Un bilan précis et systématique de ces politiques est une tâche qui reste à effectuer. Il serait sans doute contrasté. Prenons le cas du secteur postal : les données empiriques dans les Etats où la libéralisation postale est la plus avancée (Royaume-Uni, Suède, Finlande, Allemagne) indiquent une détérioration sur le front de l’emploi (pertes nettes d’emplois, redéploiement en faveur des temps partiels et fortes tendances à la précarisation du travail) accompagnées de baisses de qualité (fermeture de bureaux de poste) sans gains apparents concernant le niveau des prix. Cet exemple suffit pour affirmer qu’en tout état de cause le démantèlement des monopoles publics ne présente pas d’avantage systématique, c’est-à-dire qu’il n’est pas assuré que ce soit la meilleure méthode pour fournir un service universel de qualité au meilleur coût et dans des conditions sociales et environnementales acceptables. C’est ici qu’il nous faut introduire les deux critères mentionnés auparavant dans cet article pour déterminer l’intérêt relatif des mécanismes de marché dans la prestation de service : l’élasticité et l’homogénéité.

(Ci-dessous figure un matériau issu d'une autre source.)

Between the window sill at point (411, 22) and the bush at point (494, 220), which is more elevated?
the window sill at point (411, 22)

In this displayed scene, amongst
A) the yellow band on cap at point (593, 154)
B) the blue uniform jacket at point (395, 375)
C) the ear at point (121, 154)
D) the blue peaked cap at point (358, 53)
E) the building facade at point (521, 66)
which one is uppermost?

Quel peut bien être le sens d’un marché concurrentiel, par exemple, dans la distribution du courrier postal normalisé ? Ni la satisfaction d’une diversité des préférences du consommateur, car il n’y a pas trente-six façons différentes de poster, d’acheminer et de distribuer un pli normalisé. Ni la baisse du prix, parce que l’essentiel du coût de ces prestations concerne le facteur travail, et qu’on ne peut donc le faire baisser qu’au moyen d’une réduction des dépenses en personnel ; les marges, en cette matière, ne permettent pas de gains significatifs, sauf à réduire drastiquement le niveau d’emploi, de salaire ou de statut, voire à contourner purement et simplement le droit du travail. Par contre, l’acheminement du courrier non normalisé (tel que les colis postaux) se prête davantage, au premier abord, à l’introduction de mécanismes concurrentiels, parce qu’on se trouve face à une plus grande diversité des attentes des consommateurs, par exemple quant à la rapidité et au mode de distribution. Mais la soif des décideurs pour le démantèlement des monopoles publics n’a guère tenu compte de ces distinctions : la libéralisation du secteur postal en Europe est en voie d’achèvement total.

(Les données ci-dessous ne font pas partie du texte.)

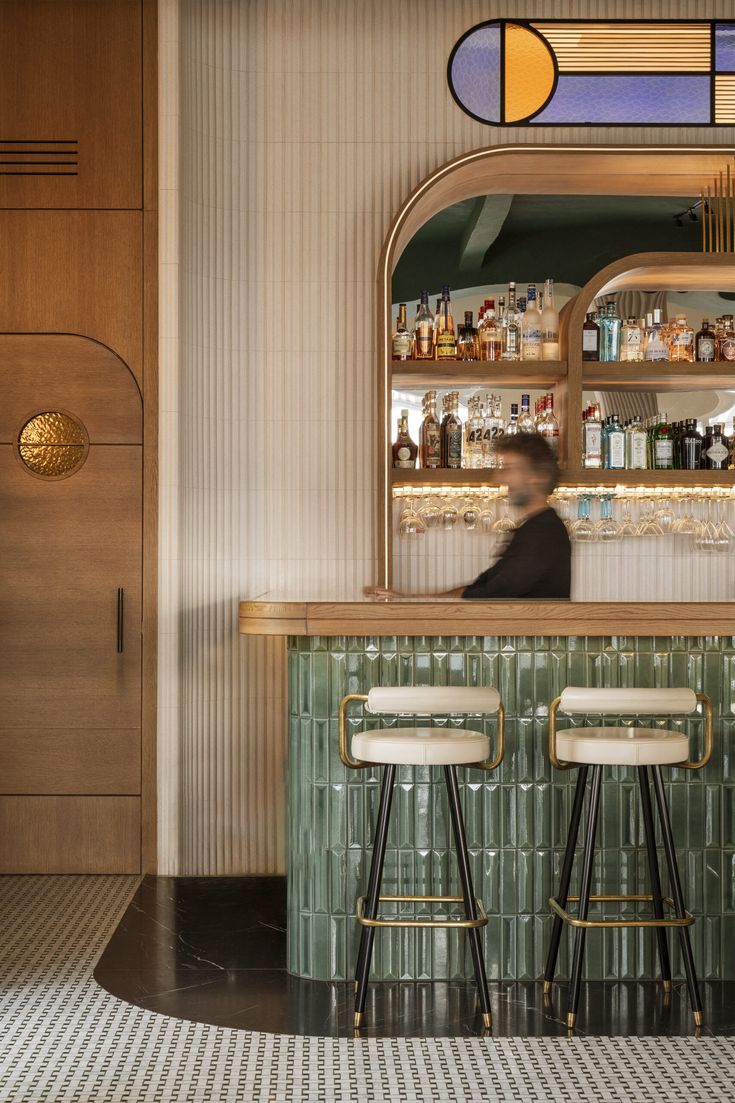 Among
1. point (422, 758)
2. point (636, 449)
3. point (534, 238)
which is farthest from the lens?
point (534, 238)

Le recours systématique aux libéralisations-privatisations sans tenir compte des secteurs d’activité auxquels elles s’appliquent est d’autant plus regrettable que, n’en déplaise aux thuriféraires du tout à l’Etat, il est des domaines d’activité où les mécanismes concurrentiels ont beaucoup plus de sens. C’est notamment le cas de l’énergie. Son prix est très dépendant des conditions de marché, même si ces fluctuations sont en bonne partie gommées par la fiscalité. Quant à l’hétérogénéité, elle est grande non seulement au regard de la diversité possible des sources d’approvisionnement, mais encore, à l’intérieur même d’une seule source énergétique telle que l’électricité, au regard de la diversité des modes de production. C’est pourquoi les écologistes ont en général soutenu une libéralisation maitrisée du marché de l’électricité, laquelle, en étant bien menée, devrait permettre de doper le recours aux énergies renouvelables et casser le quasi-monopole du nucléaire dans certains pays.

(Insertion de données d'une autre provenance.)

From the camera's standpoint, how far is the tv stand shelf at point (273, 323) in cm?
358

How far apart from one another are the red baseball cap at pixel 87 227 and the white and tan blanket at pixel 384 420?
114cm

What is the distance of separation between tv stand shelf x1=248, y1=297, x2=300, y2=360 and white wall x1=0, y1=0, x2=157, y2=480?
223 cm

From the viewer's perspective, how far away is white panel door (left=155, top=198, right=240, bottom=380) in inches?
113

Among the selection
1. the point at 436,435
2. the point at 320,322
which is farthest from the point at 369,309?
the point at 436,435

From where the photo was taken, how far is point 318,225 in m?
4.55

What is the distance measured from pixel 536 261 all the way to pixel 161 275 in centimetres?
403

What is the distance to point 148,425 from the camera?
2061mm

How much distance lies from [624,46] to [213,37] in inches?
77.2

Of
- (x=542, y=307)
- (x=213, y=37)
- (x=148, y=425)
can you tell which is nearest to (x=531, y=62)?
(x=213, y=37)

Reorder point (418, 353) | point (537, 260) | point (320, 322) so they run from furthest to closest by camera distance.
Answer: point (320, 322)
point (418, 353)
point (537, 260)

Si l’on se place sur le plan, non plus du bilan, mais des perspectives, on se trouve face à deux types d’interrogation. D’une part, serait-il possible de rebrousser chemin là où des erreurs ont été commises ? Par exemple, si l’on se rend compte qu’en abolissant le monopole public dans tel ou tel secteur, on s’est fourvoyé, serait-il possible d’y revenir ? Remarquons d’abord que le seul fait de poser cette question, et d’imaginer une réponse autre que positive, montre à quel point trop de citoyens européens s’estiment, consciemment ou non, privés de leur capacité de déterminer par eux-mêmes leur destin collectif. Soulignons surtout que l’histoire économique nous offre pléthore de revirements de ce type, que ce soit dans le domaine des chemins de fer qui, tout au long des XIXe et XXe siècles, ont connu d’innombrables avatars de statuts, privatisations et nationalisations, ou dans celui de l’éducation, émaillé de luttes séculaires – et d’ailleurs non terminées – quant aux mérites respectifs de la liberté d’enseigner et du rôle de l’Etat. Tous ces débats furent politiques au sens premier du terme, et la démocratie européenne se grandirait en osant une évaluation contradictoire des réussites et des échecs des libéralisations-privatisations.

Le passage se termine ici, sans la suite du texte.